*TASK BRIEF*: Reproduce each line of the material exactly, minus any picture.

*DATA*:
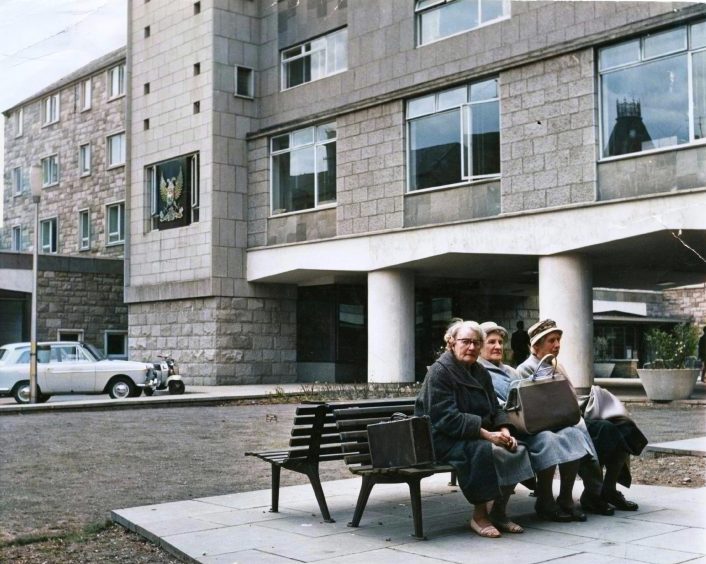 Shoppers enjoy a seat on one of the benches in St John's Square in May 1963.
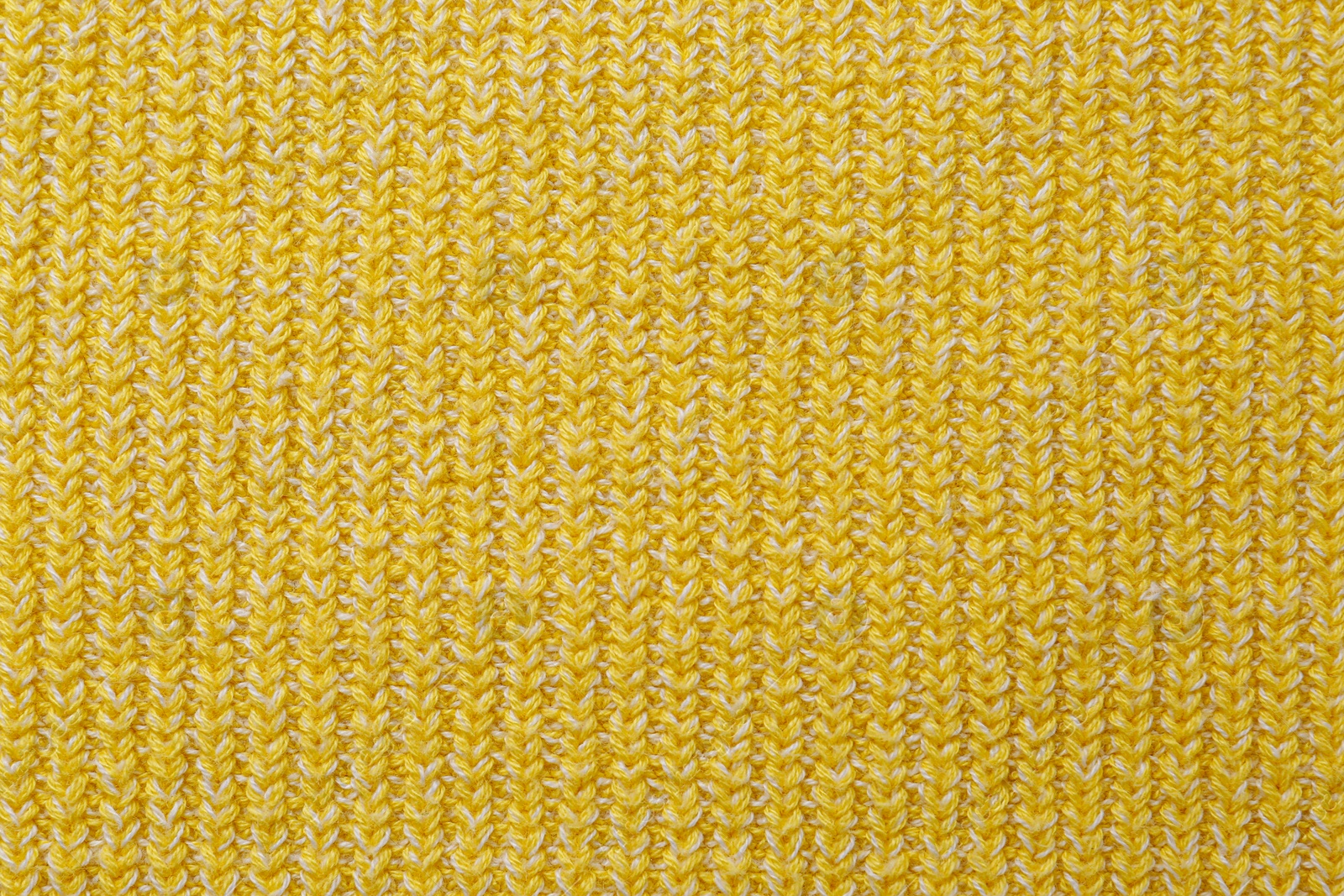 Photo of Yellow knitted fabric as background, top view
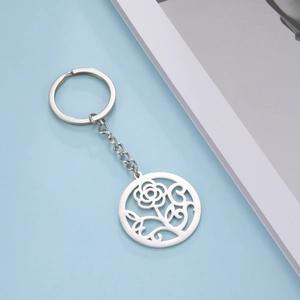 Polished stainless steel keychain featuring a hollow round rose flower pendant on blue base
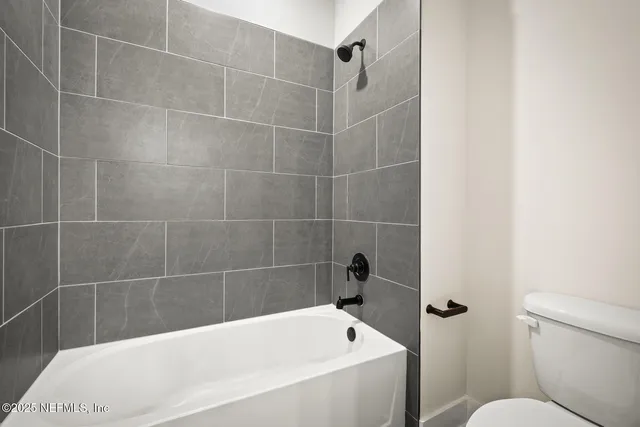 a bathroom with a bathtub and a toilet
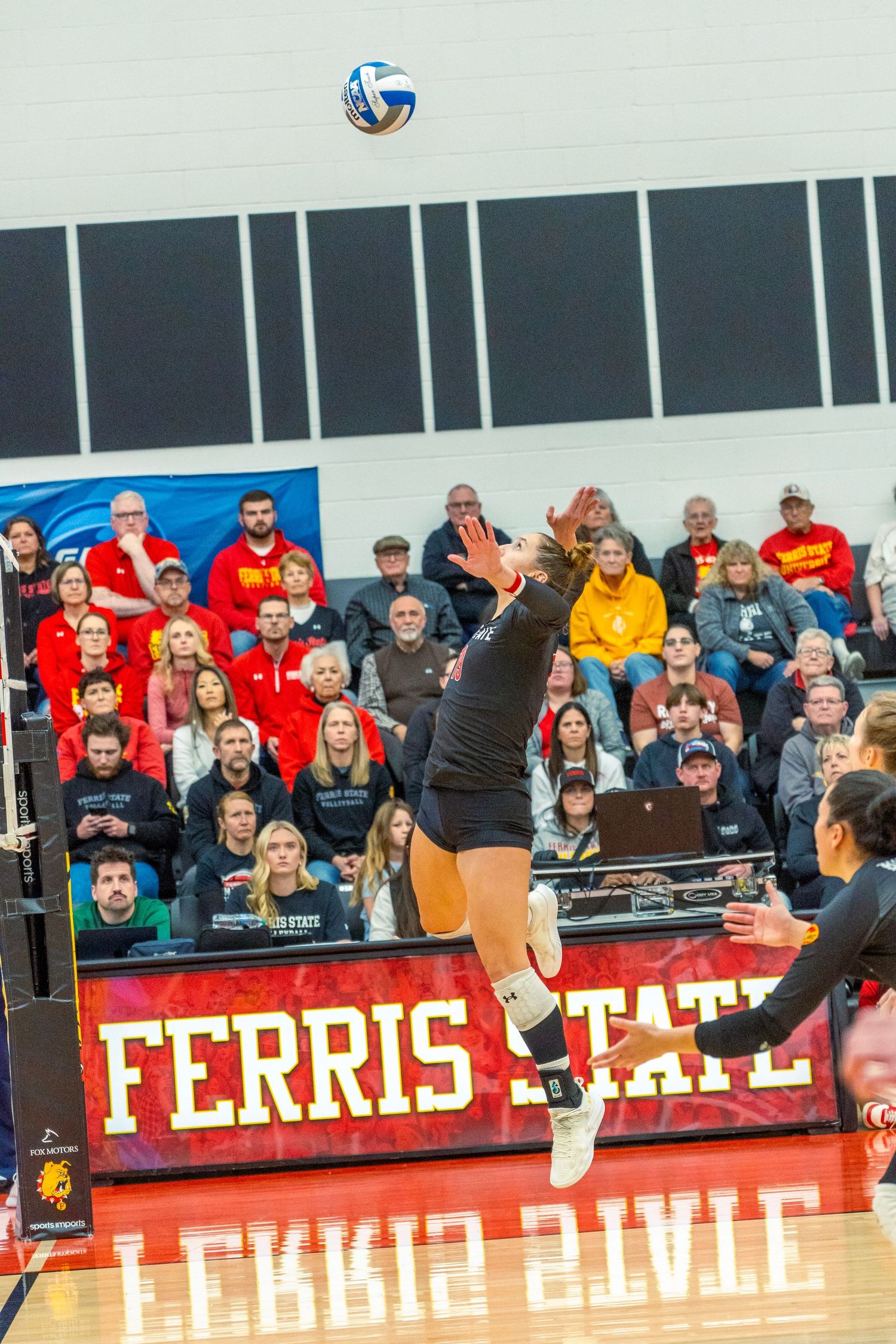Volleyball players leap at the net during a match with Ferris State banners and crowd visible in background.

*EXERCISE RESULT*:
 Shoppers enjoy a seat on one of the benches in St John's Square in May 1963.
 Photo of Yellow knitted fabric as background, top view
 Polished stainless steel keychain featuring a hollow round rose flower pendant on blue base
 a bathroom with a bathtub and a toilet
Volleyball players leap at the net during a match with Ferris State banners and crowd visible in background.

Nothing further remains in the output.